Darüber hinaus lassen sich aus dem äußerst vielfältigen und häufig auch komplexen Panorama von Rückstellungsverfahren viele weitere Umstände einer potentiellen „extremen Ungerechtigkeit“ vorstellen: So etwa, dass trotz Vorhandensein mehrerer Rückstellungsberechtigter nur Einzelne entschädigt wurden und andere übergangen worden waren. Oder aber, dass bei der Bewertung von Liegenschaften die Gutachter (auch nach den Maßstäben der Nachkriegszeit) eklatante Fehleinschätzungen lieferten. Oder aber, dass im Zuge der Rückstellung von Unternehmen von überhöhten Finanz- und Sozialversicherungsabgaben ausgegangen wurde, welche in der NS-Zeit in einem schikanösen Verfahren festgestellt worden waren.
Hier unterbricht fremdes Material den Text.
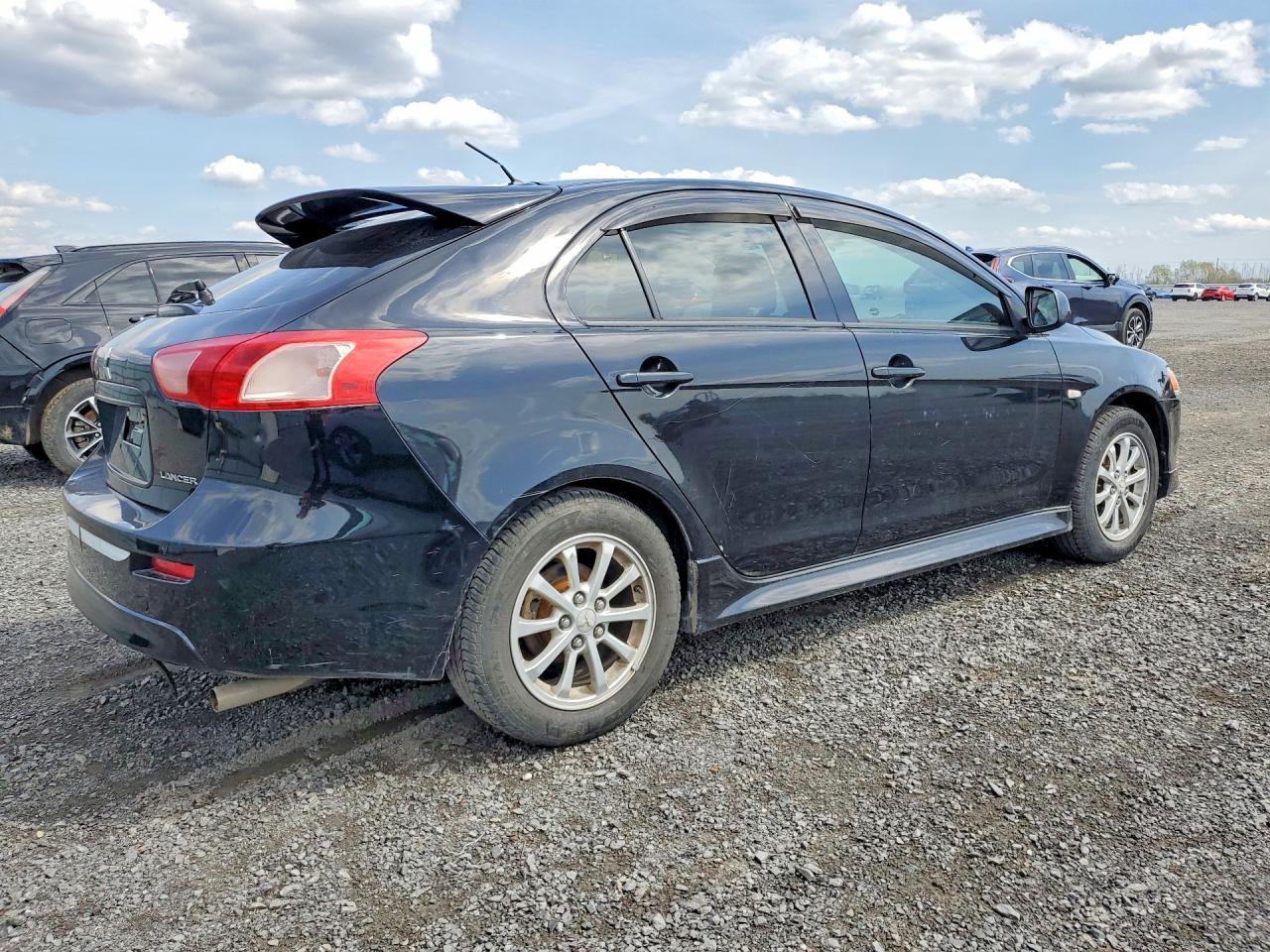 2011 MITSUBISHI LANCER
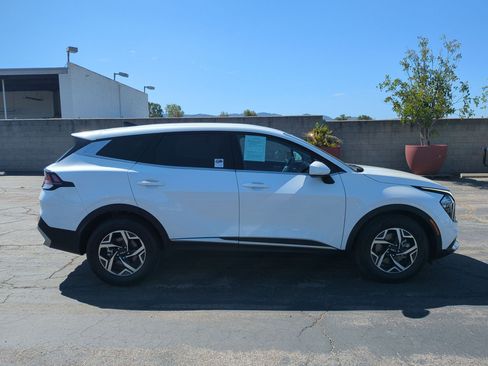 Certified 2023 Kia Sportage LX FWD image 5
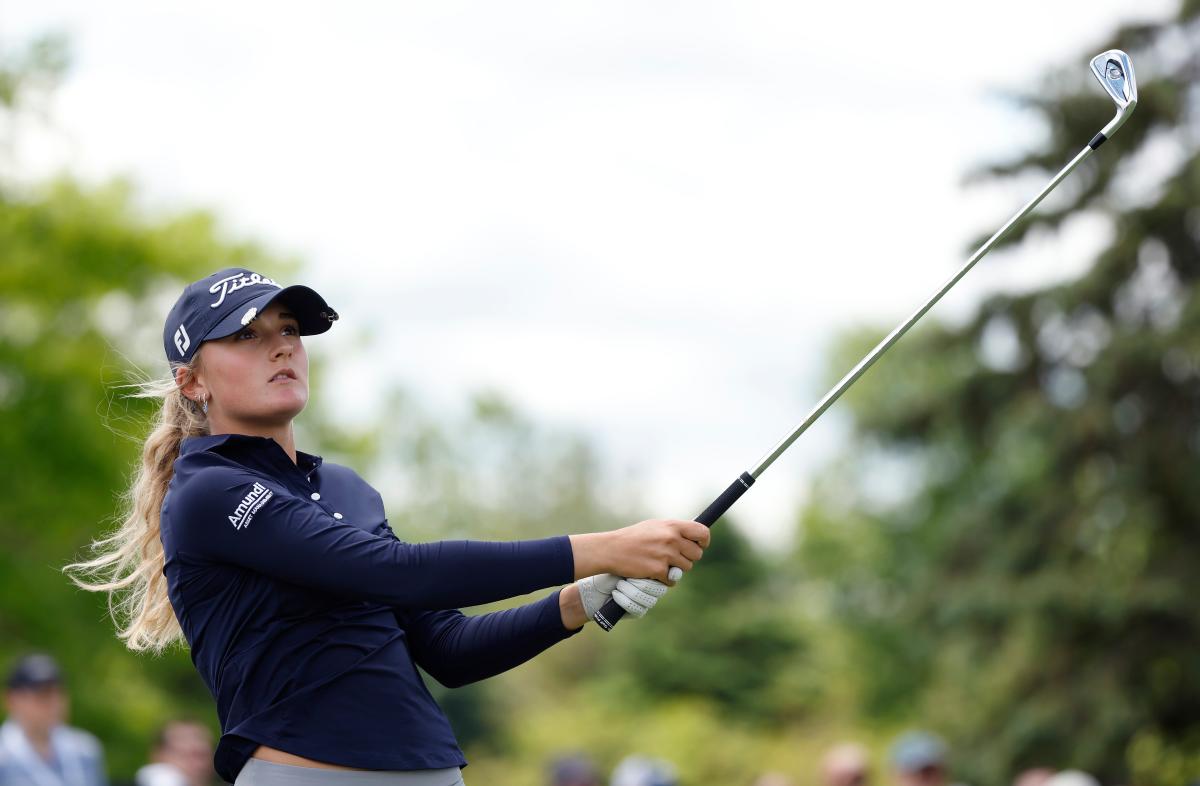 16-year-old Ohio native Gianna Clemente is living the LPGA dream with dad as caddie at Kroger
Diese Fälle sind hier zwar rein hypothetisch angeführt, die Analyse einer großen Zahl von Verfahren konnte für die Existenz derartiger Probleme aber zumindest Anhaltspunkte liefern.
6. Schlussbemerkung
Trotz gewisser Mängel in der Rückstellungspraxis und trotz einzelner Fehlentscheidungen ist das Vorliegen von „extrem ungerechten“ Rückstellungsentscheidungen sicher nicht als Regelfall anzunehmen. In Einzelfällen kann eine rechtshistorische und dogmatische Analyse aber durchaus ergeben, dass eine in der Nachkriegszeit gefällte Entscheidung oder einvernehmliche Regelung in derart gravierender Weise zum Nachteil des Rückstellungswerbers vom Recht abwich, dass in Verfahren nach dem EntschädigungsfondsG ausnahmsweise trotz res iudicata Leistungen zuerkannt werden können. Rechtsgeschichtliche Expertise kann in solchen Fällen einen kleinen Beitrag zur Beseitigung jenes Unrechts leisten, welches NS-Opfern nicht nur während der Hitlerzeit selbst, sondern auch noch danach zugefügt wurde.